19/06/18

Intolérance au lactose : de quoi parle-t-on ?

Tout savoir sur l'intolérance au lactose

Le lait, notre ami pour la vie ? Pas vraiment pour tous ceux qui ne le digèrent pas bien en raison d’une intolérance au lactose. Le docteur Arnaud Cocaul* nous éclaire. 

Depuis notre petite enfance, nous digérons le lait grâce à une enzyme appelée « lactase ». Au fil des années, son activité se réduit, rendant alors plus difficile l’assimilation du sucre du lait, le lactose. C’est pourquoi à l’âge adulte, entre 40 et 50 % de la population française présente cette intolérance au lactose avec, pour près de 20 %, des symptômes parfois importants.

L’intolérance, c’est grave, docteur ?

Arnaud Cocaul insiste : « Intolérance ne signifie pas allergie. Celle-ci implique une réaction du système immunitaire contre certaines protéines présentes dans le lait. L’intolérance au lactose, quant à elle, est une hypersensibilité. Elle concerne les adultes, car elle est due en particulier au vieillissement du système digestif. » Concrètement, elle se manifeste par le syndrome du côlon irritable, des ballonnements, des douleurs abdominales ou encore des perturbations du transit. 

Yaourts, fromages… allez-y, c’est permis !

L’intolérance au lactose concerne principalement le lait de vache et, « dans une moindre mesure, les laits de chèvre et de brebis. Ils contiennent autant de lactose mais leur production est moins intensive, ils subissent donc moins de transformations industrielles », souligne le docteur Cocaul. 
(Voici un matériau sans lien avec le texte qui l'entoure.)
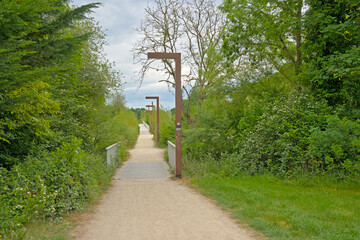Walkway through a young green spring forest on a cloudy day.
En revanche, aucune inquiétude concernant les yaourts, fromages ou laits fermentés. Leurs ferments lactiques synthétisent de la lactase et permettent donc la digestion du lactose. 
Dans tous les cas, même les intolérants au lactose ont un seuil possible d’ingestion de lait de 250 ml par jour.
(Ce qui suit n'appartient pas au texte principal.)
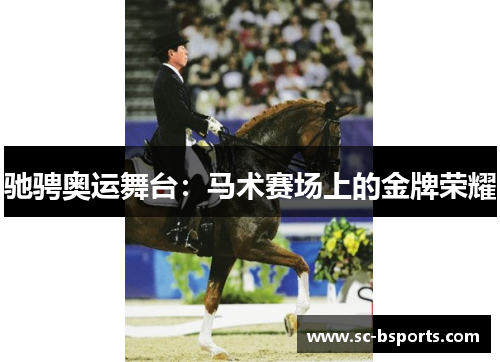 驰骋奥运舞台:马术赛场上的金牌荣耀 驰骋奥运舞台:马术赛场上的金牌荣耀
Surmonter l’intolérance au lactose

Boire du lait à l’âge adulte n’est pas indispensable. La consommation de yaourts, fromages, fruits secs (amandes…), légumes verts (épinards, blettes, brocolis…), poissons (saumon…) suffit à combler vos besoins en calcium.

Mais si vous aimez le lait, il serait dommage de vous en priver à cause d’une intolérance. Pour le docteur Cocaul, « il faut commencer par changer de type ou de marque de lait. Optez par exemple pour un lait fermier local ou sans lactose. Si les problèmes persistent, mettez en place un procédé de désensibilisation en limitant votre consommation durant une période donnée, puis réintroduisez-le petit à petit en sachant vous écouter. » Et s’il vous reste la moindre question ou inquiétude, n’hésitez pas à demander conseil à votre médecin traitant.

 

* Le docteur Arnaud Cocaul est médecin nutritionniste praticien attaché à l'hôpital de la Pitié-Salpêtrière, à Paris. Il est l’auteur, avec le docteur Michel Brack, de « Dépolluez votre graisse interne » (Albin Michel) et, avec Tiphaine Campet, de « Bye bye les maux de ventre » (Flammarion).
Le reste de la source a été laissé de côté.